Imagine a scenario where a dietitian is providing consultation to a client, meticulously crafting a diet plan tailored to the client’s health condition and specific needs. However, the client expresses discomfort by saying, “I like this diet plan, but I have a problem—I never feel hungry!”

Did he choose the wrong consultant? Probably!

Similar situations occasionally arise in my own consultancy. When I present my sleek and foolproof time management system to individuals, they respond with statements like, “This looks great, but I have a problem. I simply don’t enjoy working. How can you assist me with that?”

Another client once remarked, “Your system is excellent, but I was seeking something that would give me a kick in the butt to make me work.”

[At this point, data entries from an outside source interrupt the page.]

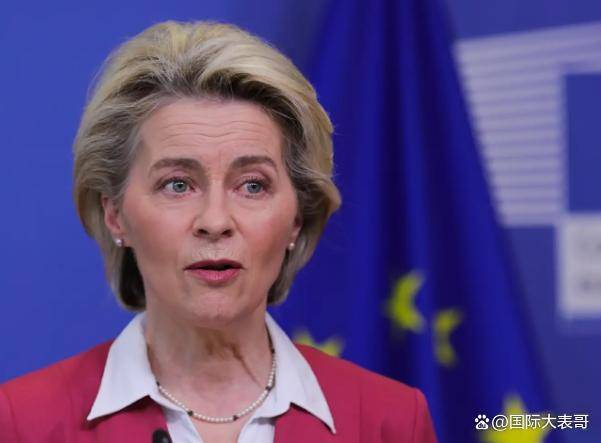 欧洲提出“多国部队”的真相是什么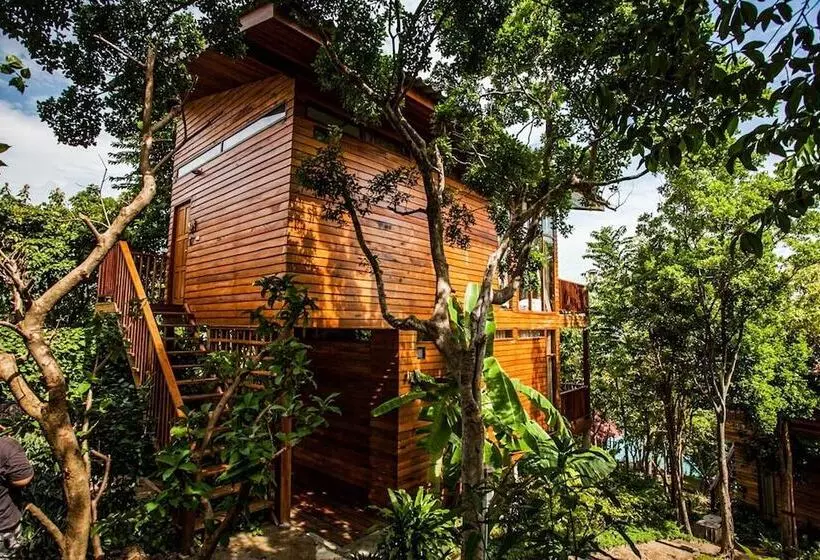 Amaresa Resort & Sky Bar   Experience Nature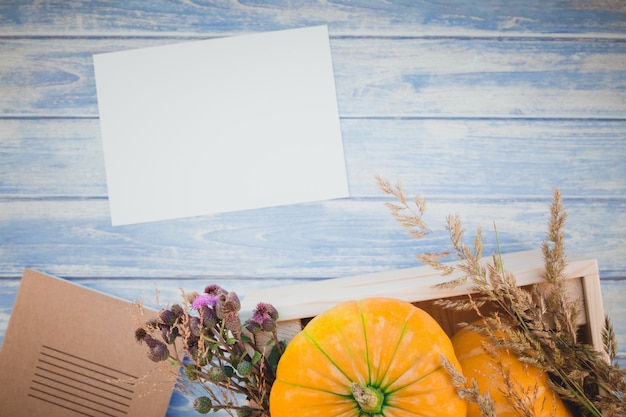 Lettre vide blanche avec citrouilles d'automne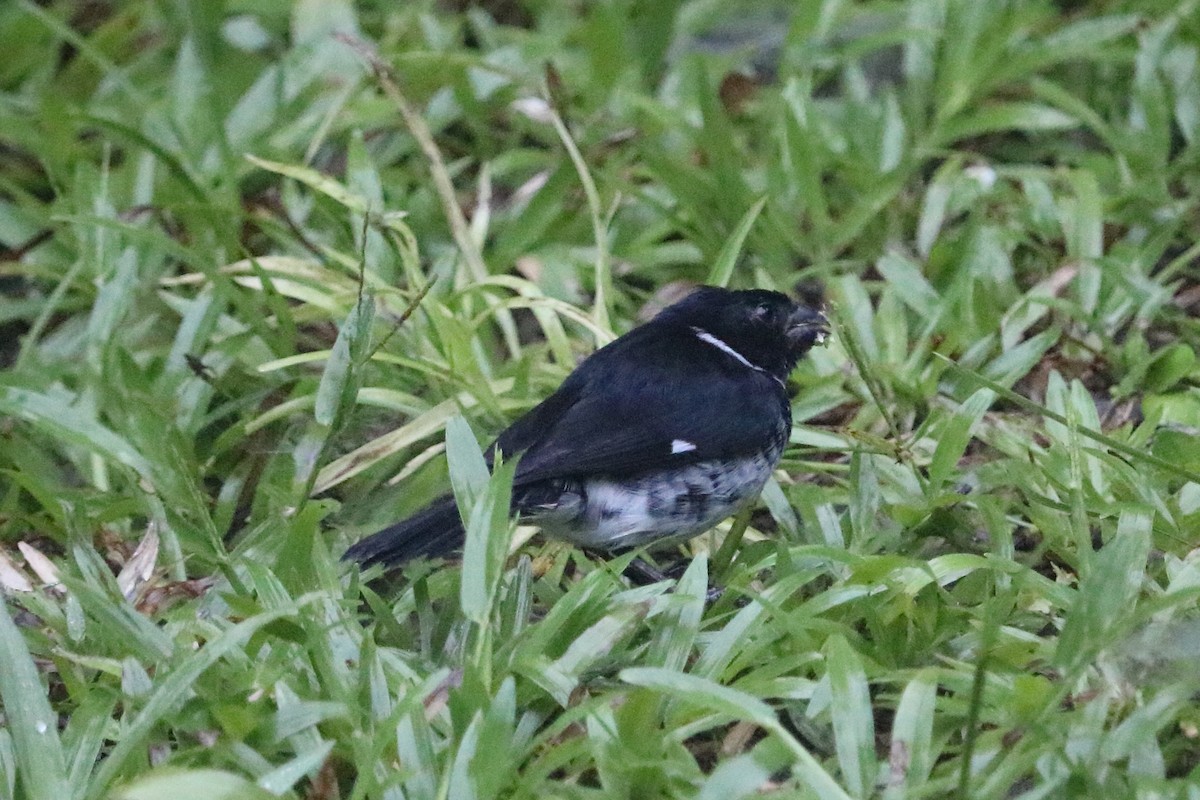 Variable Seedeater - ML88052461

While I am not an expert capable of identifying the root cause of their lack of motivation, I offer a potential solution akin to a doctor prescribing a broad-spectrum antibiotic. I suggest that they read or re-read the book “The 7 Habits of Highly Effective People” by Stephen Covey, which is renowned for its timeless wisdom. Additionally, I recommend an unconventional choice—The Subtle Art of Not Giving a F*ck by Mark Manson.

The 7 Habits of Highly Effective People

“The 7 Habits of Highly Effective People” holds legendary status and has the potential to rectify numerous issues. Stephen Covey’s following teachings offer insights into important aspects that can address their concerns effectively:

Proactivity: Covey provides a profound understanding of proactivity beyond its commonplace usage in people management. Proactivity, according to Covey, involves recognizing that regardless of external circumstances or conditioning, individuals possess the power to choose their attitude and approach towards work. It emphasizes personal responsibility and empowers individuals to take control of their responses to situations.

Principle-centeredness: Covey introduces the concept that everyone has something at the center of their paradigms through which they perceive the world. This central focus acts as a source of security, guidance, wisdom, and power. While some people may prioritize family, money, pleasure, or self, Covey argues that these are misguided choices. Instead, he advocates for being principle-centered, with principles being timeless positive values such as fairness, integrity, honesty, patience, service, quality, and excellence. Basing decisions and actions on these principles serves as a reliable guide.

Manson says that, it’s easy to choose the pleasure that you want but it’s a futile exercise. Instead one should choose the pain they are willing to endure. Seeking constant happiness and pleasure can lead to dissatisfaction and a sense of emptiness. While, the best course of action is to choose the pain or challenges that align with their values and aspirations, embrace the associated discomfort to lead to a more fulfilling and authentic life.

He introduces the idea of “short-term” and “long-term” pleasures. Short-term pleasures are often immediate and superficial, providing instant gratification but lacking lasting satisfaction. Examples of short-term pleasures may include indulging in junk food, mindlessly scrolling through social media, or seeking validation through external sources.

On the other hand, long-term pleasure is about finding a deeper sense of fulfillment and purpose that arises from investing time and effort in pursuits that contribute to personal growth and well-being.. Manson suggests that individuals should prioritize long-term pleasures over short-term ones.